Life with Exchange Server Clusters

Exchange Server 5.5 Enterprise Edition (Exchange Server 5.5/E) is the first Exchange version to support Microsoft Cluster Server (MSCS). For some time now, my mailbox has resided on a cluster, but that fact hasn't affected me as a user, because a cluster is invisible to users. Exchange Server on a cluster behaves and appears as it does on a standalone server. What experiences have people had with clusters during the product's first year?

Let's briefly review a few essential points about clustered Exchange Server computers, look at some problems that affect your decision to use clusters, and see whether the future promises any improvement. (For more information about MSCS and Exchange, see "Exchange 5.5/E and Microsoft Cluster Server," Windows NT Magazine, February 1998.)

Why Use Clusters?
Cluster technology lets a set of computers share common resources. The aim of clustering is for computers to continue to provide services to users even if hardware or software failures render one or more cluster members inoperative. Clustering technology is well understood today. Clustering's commercial origins were in VAXclusters, which Digital Equipment originally introduced in the mid-1980s. Today's MSCS supports only two computers in a Windows NT cluster. Microsoft built MSCS around a shared disk array, which the active computer accesses exclusively. Exchange Server runs on a virtual server, which has its own IP address and network name. MSCS switches the virtual server between the two physical servers in the cluster as circumstances change.

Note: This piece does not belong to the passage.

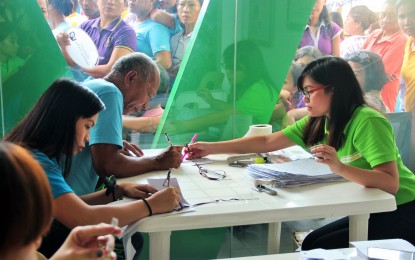 DSWD issues new cash cards to 81K poor families in Region 8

A transition process automatically switches services to the standby computer if a problem occurs on the active computer. Thus, an application such as Exchange Server is more available to users on a cluster than on standalone computers, which generally require manual intervention whenever a problem occurs. The prospect of enhanced resilience is the most attractive feature of clusters, especially if companies want to host thousands of mailboxes on one server. Obviously, a system crash that affects thousands of users causes more problems than a crash on a smaller server that hosts a few hundred mailboxes.

Cluster Basics
MSCS clusters' two servers must have symmetric hardware (i.e., the CPU power and available memory), because Exchange Server does self-tuning and stores many tuned parameters in the system Registry. Those parameters depend on a specific hardware configuration, so using different values on different servers clearly affects performance. The effect becomes more marked as the difference between server configurations grows, so clustering a 100MHz Pentium with 64MB of memory with a dual-processor 200MHz Pentium equipped with 256MB makes little sense.

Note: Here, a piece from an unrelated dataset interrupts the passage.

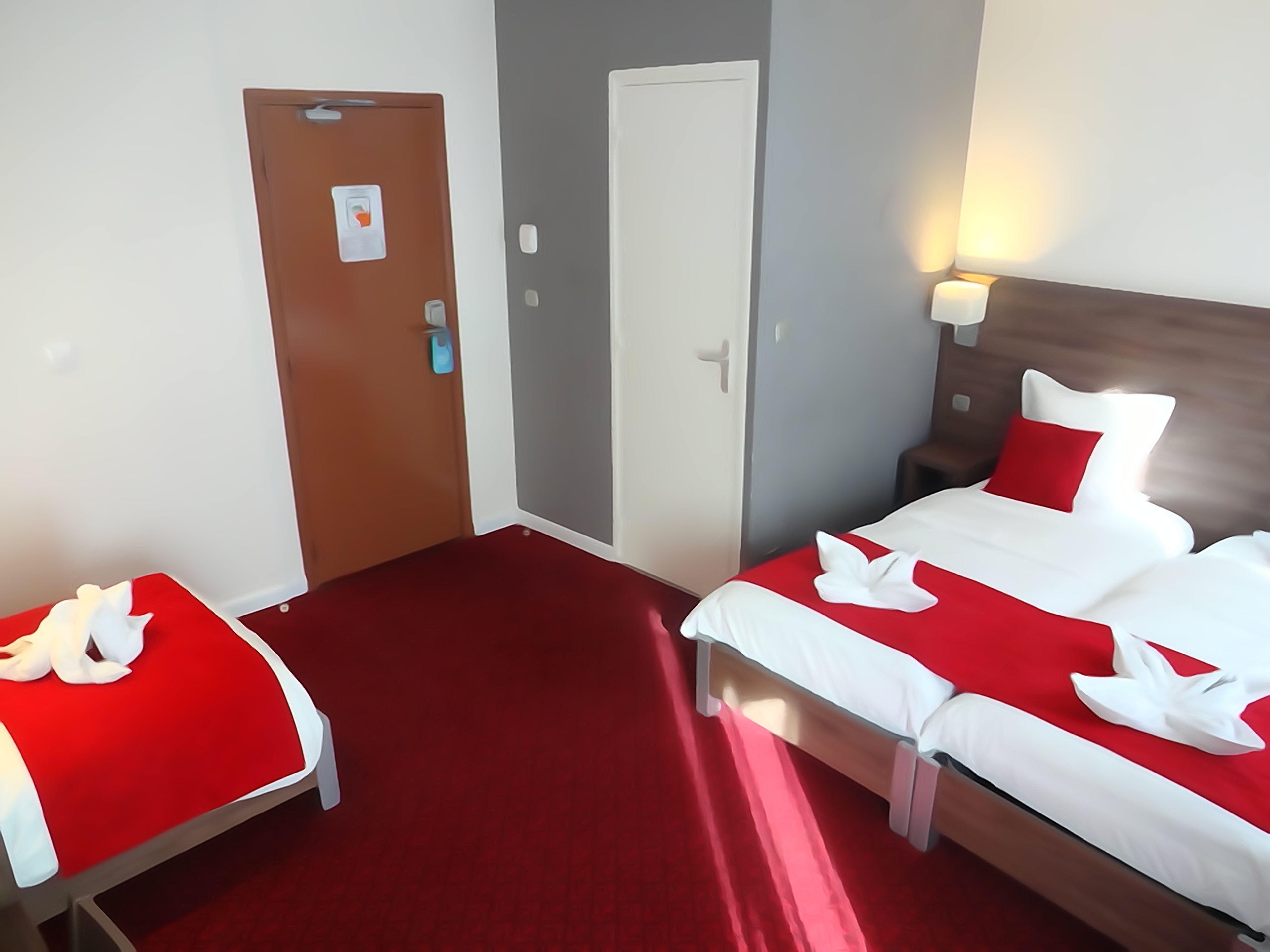 La Perle Montparnasse Paris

In practice, you don't see many people building clusters from servers that they already have. Microsoft supports clusters only on certified configurations, so you'll probably end up buying a packaged configuration from a major hardware vendor. When Microsoft first released MSCS, Microsoft was involved in the certification process, and the process took a long time to complete. Now, Microsoft offers a set of tools to vendors to carry out self-certification. The important point is never to select hardware that isn't on the cluster compatibility list. (The list is available at http://www.microsoft.com/isapi/hwtest/hcl.idc.)

The shared disk array is the heart of the cluster. You must run a high-quality RAID controller to protect the array. The cluster in my office, at the low end of the spectrum, runs a Compaq StorageWorks RA310 array, which is enough to satisfy my company's needs. Most Digital customers who run Exchange clusters have opted to operate controllers such as the StorageWorks RA7000, which offers dual redundancy and a large cache.

Experience shows that you must build production-quality clusters only from high-quality hardware. Any attempt to cut corners will result in problems. Use top-quality servers, redundant power supplies, Error-Correcting Code (ECC) memory, and the best possible RAID array you can afford. Be aware, however, that configuring and maintaining high-end controllers and arrays is not as straightforward as working with lower-end counterparts. Expect that systems administrators will need some time to get up to speed on clustering and the hardware configuration before they put the cluster into production.

Getting Exchange Running on a Cluster
MSCS requires Windows NT Server, Enterprise Edition (NTS/E). You must apply several NT fixes (available from the Microsoft FTP site) after you install NTS/E. Review Microsoft Support Online for the latest information about MSCS, and download the relevant hotfixes before you load Exchange. The only version of Exchange Server that you can install on a cluster is Exchange Server 5.5/E, and you can't upgrade a previously standalone server into a cluster.

These requirements bring up two problems. The first problem is the software cost associated with a cluster. Most large companies adopt Exchange Server 5.5/E because it contains the X.400 connector and supports the unlimited Information Store—two good reasons for large companies to adopt it as their default version. However, NTS/E doesn't offer so many immediately obvious advantages. NTS/E is expensive to license and support, and you probably don't need to run it unless you want to run MSCS.

The second problem is the inability to upgrade an existing server to form a cluster. Some people worry about this restriction, but I don't. If you're going to use new hardware for the cluster, why complicate matters by upgrading an existing server? In Digital's case, the cluster joined an existing site as a new server. Screen 1 shows the list of servers in the Exchange Administrator program. DBOIST-MSXCL is the cluster; PLATINUM and DBO-EXCHANGEIST are two ordinary servers. Note that the cluster appears no different than a standard server, at least to the Exchange Administrator program.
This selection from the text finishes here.